17 Apr Elegance Reclaimed
WHEN RICK AND SUE WILLIAMS decided to build a vacation home on Big Mountain in Whitefish, Montana, they envisioned one that was modern and comfortable, yet equally at home in its wild, natural surroundings.
“We wanted it to look as though we updated a structure that had been here generations,” says Rick.
Long before the lot was ever available for purchase, the couple used to snowshoe to the spot with their dog, Ziggy. “We would come up — sometimes with friends, maybe a bottle of wine, some cheese and crackers,” she says, “To sit and enjoy the view.”
“It was important to make the outside look like it had been here [for] years,” says designer Rich Graves of Altius Design Group. “Plus, the weather up here is pretty harsh. The exterior needed to be able to withstand a beating. Reclaimed materials helped to achieve both.”
Salvage has never looked so stunning. The house, which offers majestic views of the mountains and Whitefish Lake, is an artful blend of old and new. Reclaimed lumber, native stone, moss-flecked rocks and vintage hardware from centuries-old homesteads have all been incorporated into the striking, well-appointed, two-story 5,000-square-foot dwelling.
“The site is really where it starts,” says Graves. “When they started to develop this area, they were pretty aggressive in cutting trees. For us, every tree was sacred. It required meticulous planning and rotating things slightly to avoid taking any out. Some of the floor plans are a direct response to the trees.”

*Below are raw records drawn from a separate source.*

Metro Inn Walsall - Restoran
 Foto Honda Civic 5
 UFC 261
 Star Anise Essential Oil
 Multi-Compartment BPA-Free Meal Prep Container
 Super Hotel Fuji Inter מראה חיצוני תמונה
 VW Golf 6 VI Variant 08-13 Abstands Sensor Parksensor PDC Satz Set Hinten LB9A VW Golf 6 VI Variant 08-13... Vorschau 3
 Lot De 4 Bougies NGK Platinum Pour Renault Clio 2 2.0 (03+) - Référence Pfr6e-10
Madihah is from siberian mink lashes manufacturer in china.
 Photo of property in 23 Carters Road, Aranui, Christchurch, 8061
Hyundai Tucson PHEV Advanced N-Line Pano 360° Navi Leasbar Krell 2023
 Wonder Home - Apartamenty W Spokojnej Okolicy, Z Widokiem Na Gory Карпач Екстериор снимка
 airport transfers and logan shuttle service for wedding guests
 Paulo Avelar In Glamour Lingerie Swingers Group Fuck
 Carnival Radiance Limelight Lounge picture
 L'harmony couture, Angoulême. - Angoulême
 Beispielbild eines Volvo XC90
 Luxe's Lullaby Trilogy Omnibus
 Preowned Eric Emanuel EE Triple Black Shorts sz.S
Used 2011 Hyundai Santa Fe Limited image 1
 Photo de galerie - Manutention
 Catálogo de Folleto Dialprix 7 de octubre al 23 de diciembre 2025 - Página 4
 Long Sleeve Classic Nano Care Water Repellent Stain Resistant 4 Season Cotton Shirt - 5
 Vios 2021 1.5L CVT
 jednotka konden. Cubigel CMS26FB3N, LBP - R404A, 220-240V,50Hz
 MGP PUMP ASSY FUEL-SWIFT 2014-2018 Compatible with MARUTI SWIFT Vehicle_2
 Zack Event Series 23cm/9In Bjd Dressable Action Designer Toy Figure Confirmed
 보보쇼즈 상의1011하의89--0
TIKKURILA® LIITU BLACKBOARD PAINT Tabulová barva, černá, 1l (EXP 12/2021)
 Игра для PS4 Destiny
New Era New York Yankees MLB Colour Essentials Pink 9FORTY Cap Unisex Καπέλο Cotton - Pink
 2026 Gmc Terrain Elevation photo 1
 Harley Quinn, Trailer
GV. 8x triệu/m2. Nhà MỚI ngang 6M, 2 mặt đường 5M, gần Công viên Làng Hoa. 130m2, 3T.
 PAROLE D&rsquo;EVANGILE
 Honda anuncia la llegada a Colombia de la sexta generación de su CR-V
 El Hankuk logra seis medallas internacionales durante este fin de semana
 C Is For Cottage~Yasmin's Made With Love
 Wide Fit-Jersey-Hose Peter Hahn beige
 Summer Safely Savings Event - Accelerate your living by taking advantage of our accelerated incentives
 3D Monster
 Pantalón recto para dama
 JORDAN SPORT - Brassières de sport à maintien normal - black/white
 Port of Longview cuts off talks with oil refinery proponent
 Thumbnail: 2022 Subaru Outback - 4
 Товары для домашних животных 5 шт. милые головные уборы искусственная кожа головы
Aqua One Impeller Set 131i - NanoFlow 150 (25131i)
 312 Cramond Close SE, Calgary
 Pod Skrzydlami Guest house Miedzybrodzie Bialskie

Brad Reedstrom of Bigfork Builders concurs. “Before we started building, we gathered every log, every rock — everything that was sitting on the property — and set it aside. Then, we stripped all of the native grasses and stockpiled that. When the building was complete, May Lawn & Home Care put it all back. All of the native materials — the snowberry bushes and bear grass — came back. It instantly reclaimed the site making the house look like it had been there forever.”
“A lot of different textures were used to create the exterior,” he says. “Chinked siding, board and bat siding, and, in the entry way, old lichen-encrusted shingles. Much of it came from homestead buildings in Marion, Montana.”
Salvage features strongly in the interior décor as well. A large, old barn door serves as the entry to a locker room-themed mudroom that provides personal storage areas for up to six guests. The room also has an airflow system designed to dry out wet ski boots and gear.
A large, open great room is a vibrant mix of materials and textures. Reclaimed floors and hand-hewn beams are a striking contrast beside contemporary, gray-painted cabinets and smooth, light-colored paint on flat walls.
In the center of the room stands a grand fireplace made of 150-year old stone culled from a quarry in Hot Springs, Mont. A variable mix of ceiling heights and strong splashes of color also contribute to making the room feel inviting and cozy.
While the unique patina of the lumber, the nail holes, imprints and coloration, may be a main attraction, the stories about where it came from and how it was used add a whole new level of interest. The team went to great lengths to procure the right materials — most of which came from the greater western Montana area.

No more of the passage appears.